The logic SDL together with axiom U is called SDL+.

Another idea is to add the 4 axiom itself:

4. Oφ ⊃ OOφ

In other words, what is obligatory ought to be obligatory. I believe that this is independent of the two other strengthenings just described; though if we add both 4 and C4, that entails U.

As we'll see, in the face of some puzzles, there is some intuitive pressure to be working with a weaker modal logic than D/SDL, not a stronger one.

Issues of interpretation

Although a formula like "O(You wash the car)" is often pronounced as "You ought to wash the car," linguists have argued that there is a contrast in natural language between deontic modals like "ought" and "should", on the one hand, and modals like "must", "have to", and "are obligated/required to," on the other hand. The former are called "weak necessity modals" and the latter "strong necessity modals." Examples like this bring out the difference:

You ought to wash the car, but you don't have to.

If the O of deontic logic captures any natural English expression, it's most likely to be the stronger modals.

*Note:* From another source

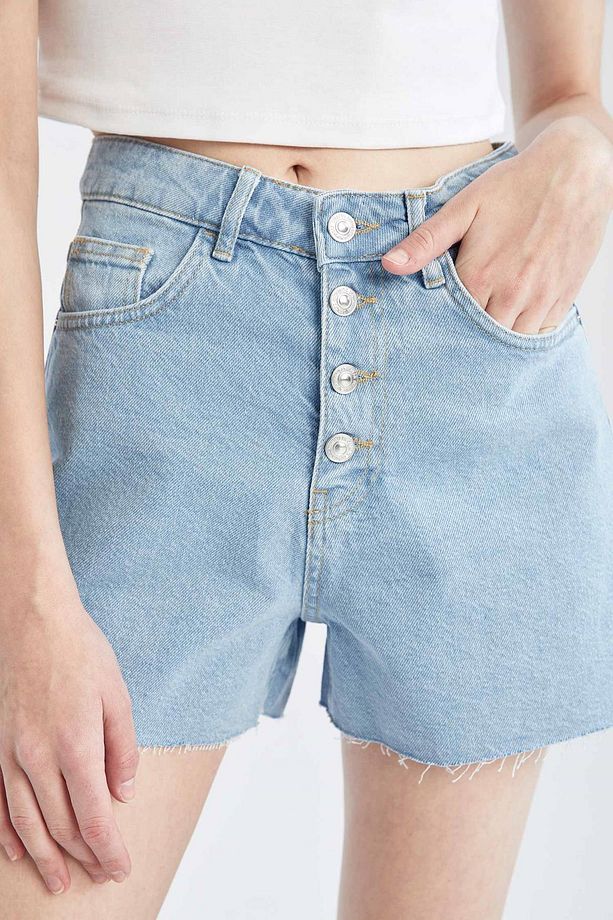 Mom Fit Yüksek Bel Jean %100 Pamuk Şort Y0224az22sm - 5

The labels "strong" and "weak" are also sometimes used to characterize two different kinds of permission: strong permission meaning the activity has explicitly been sanctioned, and weak permission meaning it merely hasn't been forbidden. (von Wright distinguishes these in his 1964 book.) If there is a genuine linguistic or normative difference here, it's an open issue what relation, if any, it has to the contrast between "weak" and "strong" deontic necessities. These labels are also sometimes used to characterize different views about the behavior of epistemic "must": one dominant view in linguistics saying that "Must φ" makes a "weaker" claim than simply φ, and the other view saying that it makes at least as strong a claim. von Fintel and Gillies defend the latter view. I mention these views about permission and epistemic "must" only to set them aside.

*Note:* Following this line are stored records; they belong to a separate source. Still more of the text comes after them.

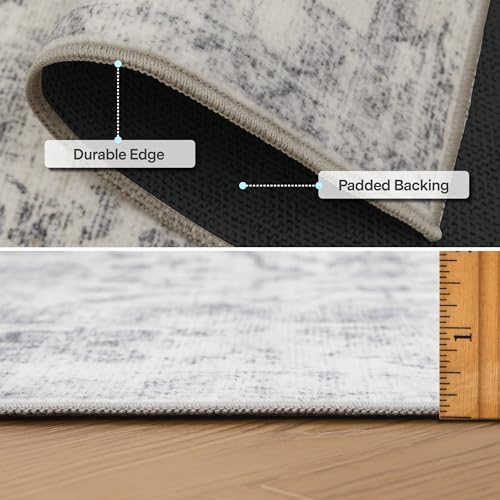 ReaLife Rugs Machine Washable Area Rug Runner - Living Room Bedroom Bathroom Kitchen Entryway Office - Padded Low Pile Stain Resistant Premium - Boho Farmhouse Vintage - Noor - Ivory Grey 2'6" x 6' - Image 5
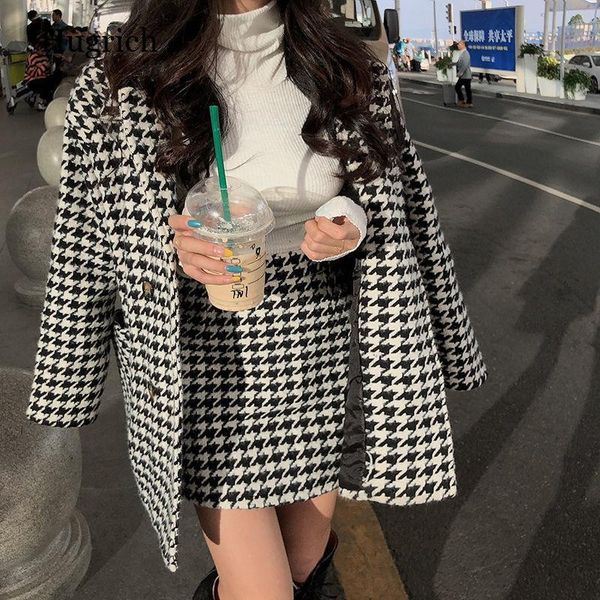 two piece dress 2 set retro houndstooth channel style mid-length coat high waist skirt two-piece suits women jackets, White
two piece dress 2 set retro houndstooth channel style mid-length coat high waist skirt two-piece suits women jackets, White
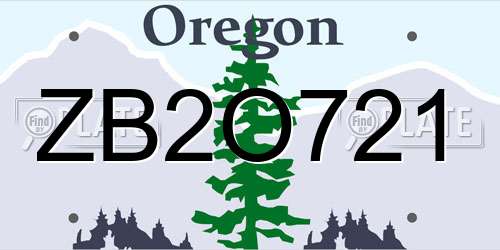ZB2O721 Oregon License Plate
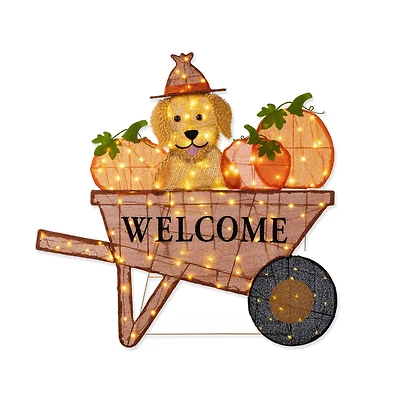 Glitzhome® 36.25" Lighted Fall Pumpkin Wheel Barrow Outdoor Decor with Warm White LED Lights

There is some awkwardness interpreting all the logician's uses of Oφ in terms of either the English expression "ought" or the English expression "obligatory." Notice the formula N, which is a theorem of SDL:

N. O⊤

What does it mean to say that it is obligatory that I be self-identical, or that I not be both mortal and immortal? These claims are hard to understand. Even harder to understand are claims of the form Oφ that make no reference to me, or any other agents at all. So perhaps Oφ should instead be understood to mean something like "It logically follows from all obligations being met that φ". This is the motivation for Kanger's and Anderson's version of deontic logic, Kd. Their systems work with an alethic modality □ (at least as strong as K) and a primitive constant d meaning something like "all obligations are met" or "no obligations have been violated". The only new axiom beyond those needed for □ is that ◇d, that is, all obligations might be met. We then define Oφ as □(d ⊃ φ). The resulting system is essentially equivalent to SDL. If the modality □ is assumed also to respect axiom T, then the resulting system is at least as strong as SDL+. (I don't know whether it's stronger.)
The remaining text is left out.